Но сержант придерживался другого мнения.
— Доктор, откуда вы знаете? Многих матерей утешила бы мысль, что перед смертью он успел покаяться в грехах.
Джон Фоли отвернулся, чтобы не выдать свою досаду.
— И скажите ей, что это не его вина, — добавил он.
— Боюсь, мои люди не смогут… — начал сержант.
— Знаю, знаю, — устало ответил доктор.
— Конечно, мы дадим вам позвонить, — сказала медсестра, — но сначала вам нужно пройти осмотр. Потом вы сможете сообщить родителям, что с вами случилось. Так будет лучше.
Новости были хорошие: мелкие порезы, ничего серьезного. На всякий случай им сделают укол от столбняка и дадут легкое успокаивающее для снятия шока.
С Евой было хуже. Треснувшие ребра, небольшое сотрясение мозга, глубокий порез у края глаза и перелом запястья. Ей придется пробыть в больнице несколько дней. Возможно, неделю.

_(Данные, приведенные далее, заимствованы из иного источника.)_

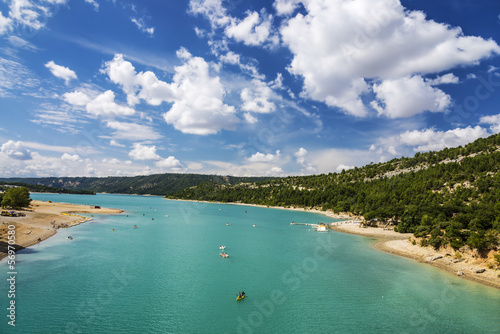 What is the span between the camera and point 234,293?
3631 centimetres

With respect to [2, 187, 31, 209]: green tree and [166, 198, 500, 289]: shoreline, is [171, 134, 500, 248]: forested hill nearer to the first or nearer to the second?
[166, 198, 500, 289]: shoreline

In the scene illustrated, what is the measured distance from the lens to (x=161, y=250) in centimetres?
6175

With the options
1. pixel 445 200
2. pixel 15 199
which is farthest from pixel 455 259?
pixel 15 199

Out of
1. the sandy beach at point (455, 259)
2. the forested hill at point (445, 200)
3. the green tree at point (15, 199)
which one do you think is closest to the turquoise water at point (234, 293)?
the sandy beach at point (455, 259)

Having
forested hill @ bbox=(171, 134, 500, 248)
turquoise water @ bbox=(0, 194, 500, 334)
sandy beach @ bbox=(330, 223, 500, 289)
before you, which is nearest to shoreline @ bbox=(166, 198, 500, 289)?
sandy beach @ bbox=(330, 223, 500, 289)

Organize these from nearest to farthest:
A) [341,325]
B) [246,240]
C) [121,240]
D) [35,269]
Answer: [341,325], [35,269], [121,240], [246,240]

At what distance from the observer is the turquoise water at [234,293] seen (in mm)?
28172

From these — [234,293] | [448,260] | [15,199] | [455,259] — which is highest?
[15,199]

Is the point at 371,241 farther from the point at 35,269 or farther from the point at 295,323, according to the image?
the point at 35,269

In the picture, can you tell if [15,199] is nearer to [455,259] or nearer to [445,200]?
[455,259]

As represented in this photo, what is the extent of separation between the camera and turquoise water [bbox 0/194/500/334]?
28.2 m

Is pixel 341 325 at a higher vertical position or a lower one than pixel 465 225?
lower

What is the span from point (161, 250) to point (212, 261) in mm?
15852

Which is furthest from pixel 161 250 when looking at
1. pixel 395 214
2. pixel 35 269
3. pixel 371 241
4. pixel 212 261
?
pixel 395 214
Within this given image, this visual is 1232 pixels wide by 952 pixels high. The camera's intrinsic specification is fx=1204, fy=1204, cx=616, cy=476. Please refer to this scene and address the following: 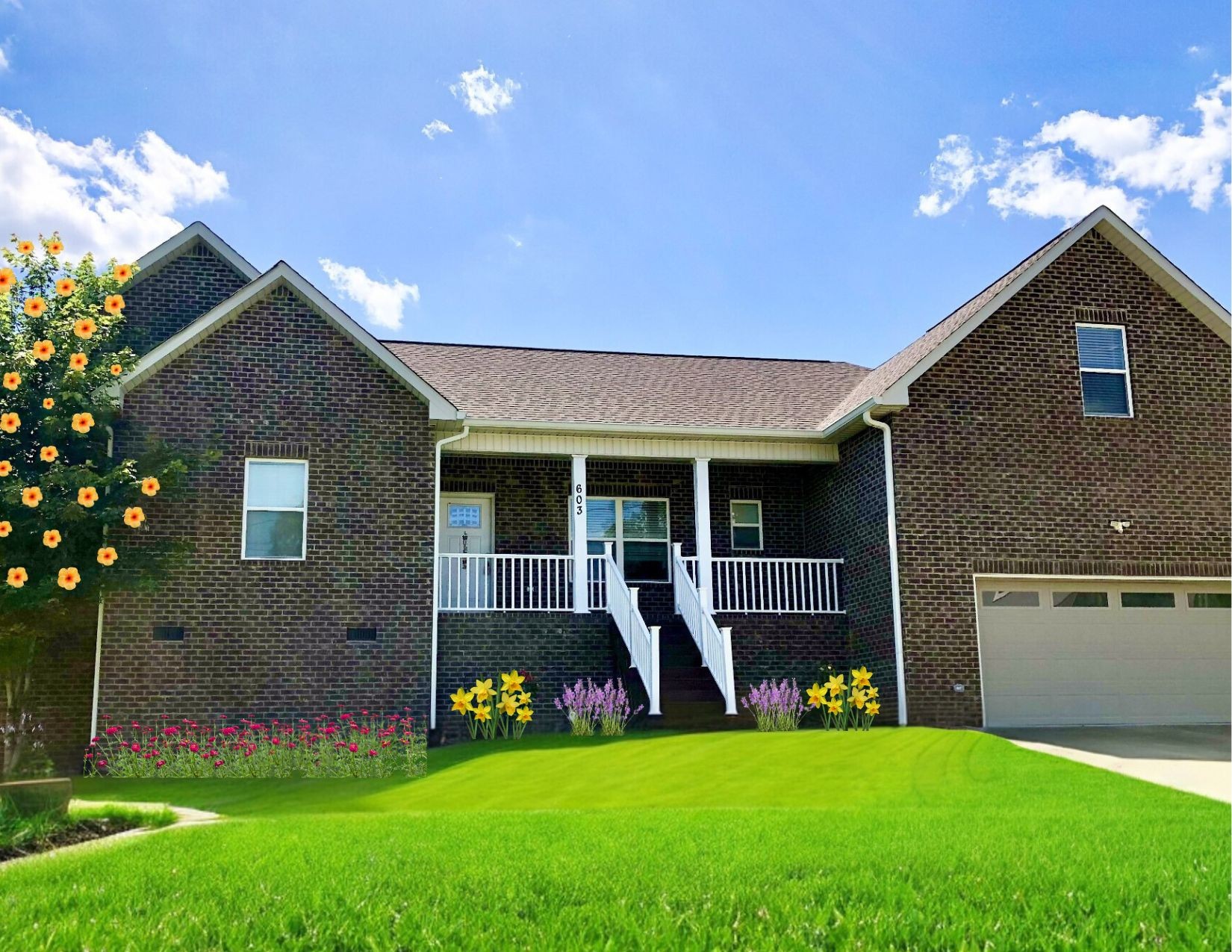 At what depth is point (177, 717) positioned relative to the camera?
14758 millimetres

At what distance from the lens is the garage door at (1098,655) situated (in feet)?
53.9

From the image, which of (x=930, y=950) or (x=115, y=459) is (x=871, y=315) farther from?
(x=930, y=950)

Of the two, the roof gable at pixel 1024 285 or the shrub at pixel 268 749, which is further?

Они хотели знать, кому сообщить об этом.
— Подождите минутку, — сказала Бенни.
— Вы должны знать, кто она. Вы же ее подруга. — Монахиня, прикрепленная к больнице, была сбита с толку.
— Да, но это не так легко.
— А как быть с ее бумажником?
— Там пусто. У нее нет близких родственников. Пожалуйста, дайте мне подумать. Я должна понять, что лучше.
Бенни ничего не хотела рассказывать родителям, но нужно было решить, какой из двух монахинь сообщить о несчастье с Евой. А вдруг Ева рассердится, если мать Фрэнсис узнает о ее невеселой жизни в монастыре, лжи и обстоятельствах, которые привели ее сначала на другой конец города, а потом на больничную койку?
И так ли ужасна мать Клер, как считала Ева?
В конце концов, эта женщина — монахиня. Если она посвятила себя Богу, то в ней должно быть что-то хорошее.
У Бенни заболела голова. Задача оказалась слишком трудной.
— Может быть, поделишься? Одна голова хорошо, а две лучше, — сказала Нэн Махон. Они сидели у стола и пили сладкий чай с молоком.